Work order. Instruction for the data below: set down exactly the lines from the line with "Продаж 2 кімнатної квартири в районі Токіо" to the line with "FANALE POST. HELLA", inclusive, and no others.

..............................

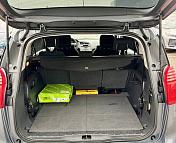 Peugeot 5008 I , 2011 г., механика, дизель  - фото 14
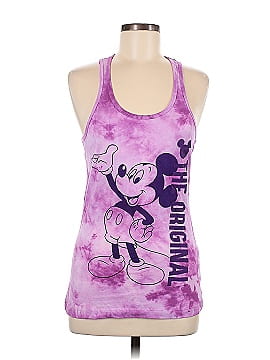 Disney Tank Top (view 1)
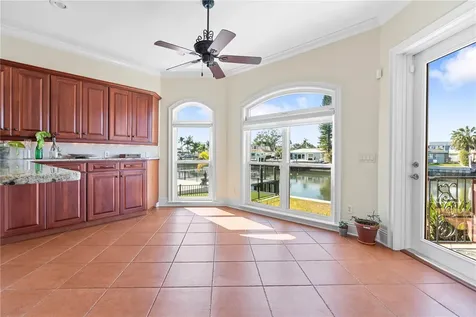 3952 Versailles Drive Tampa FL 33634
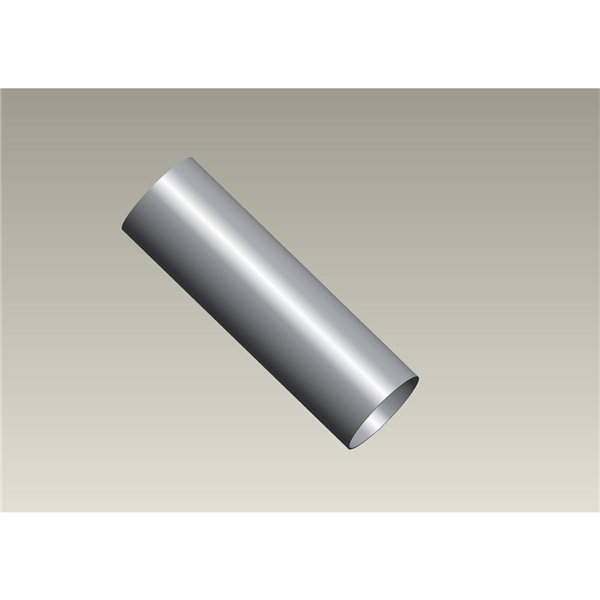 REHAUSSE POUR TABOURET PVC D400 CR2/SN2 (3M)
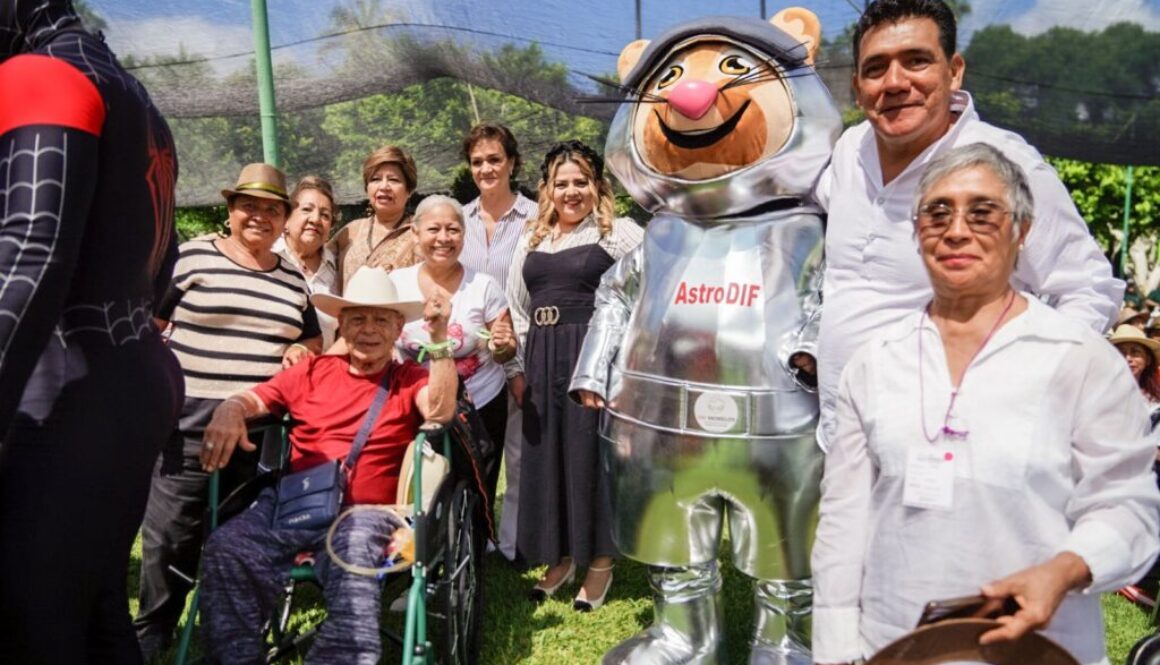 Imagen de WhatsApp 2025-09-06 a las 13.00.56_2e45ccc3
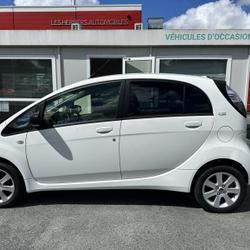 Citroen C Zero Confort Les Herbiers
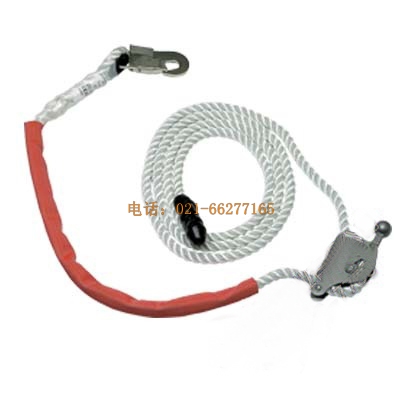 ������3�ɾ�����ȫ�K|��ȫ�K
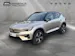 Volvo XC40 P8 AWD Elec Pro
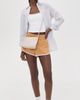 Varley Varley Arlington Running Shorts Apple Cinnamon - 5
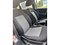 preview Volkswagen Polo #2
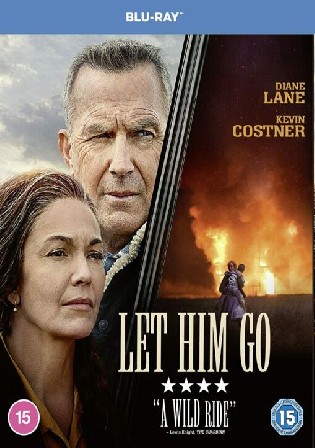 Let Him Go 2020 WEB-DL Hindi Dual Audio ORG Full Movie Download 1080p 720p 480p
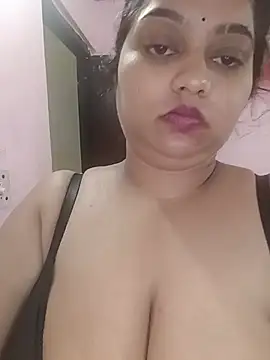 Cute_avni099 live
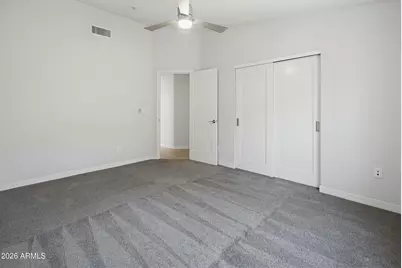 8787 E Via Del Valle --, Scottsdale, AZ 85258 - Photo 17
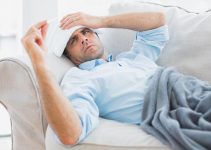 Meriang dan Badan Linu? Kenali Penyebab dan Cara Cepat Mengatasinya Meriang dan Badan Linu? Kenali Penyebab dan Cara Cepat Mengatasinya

..............................

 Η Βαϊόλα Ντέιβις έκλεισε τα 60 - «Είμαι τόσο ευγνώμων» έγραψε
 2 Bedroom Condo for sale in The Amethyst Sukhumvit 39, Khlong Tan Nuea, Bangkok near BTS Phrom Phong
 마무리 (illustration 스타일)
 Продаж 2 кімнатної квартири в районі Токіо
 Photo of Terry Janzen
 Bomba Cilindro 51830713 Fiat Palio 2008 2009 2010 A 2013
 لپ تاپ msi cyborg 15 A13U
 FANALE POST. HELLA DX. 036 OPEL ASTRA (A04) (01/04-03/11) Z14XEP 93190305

..............................

Written response.
 Продаж 2 кімнатної квартири в районі Токіо
 Photo of Terry Janzen
 Bomba Cilindro 51830713 Fiat Palio 2008 2009 2010 A 2013
 لپ تاپ msi cyborg 15 A13U
 FANALE POST. HELLA DX. 036 OPEL ASTRA (A04) (01/04-03/11) Z14XEP 93190305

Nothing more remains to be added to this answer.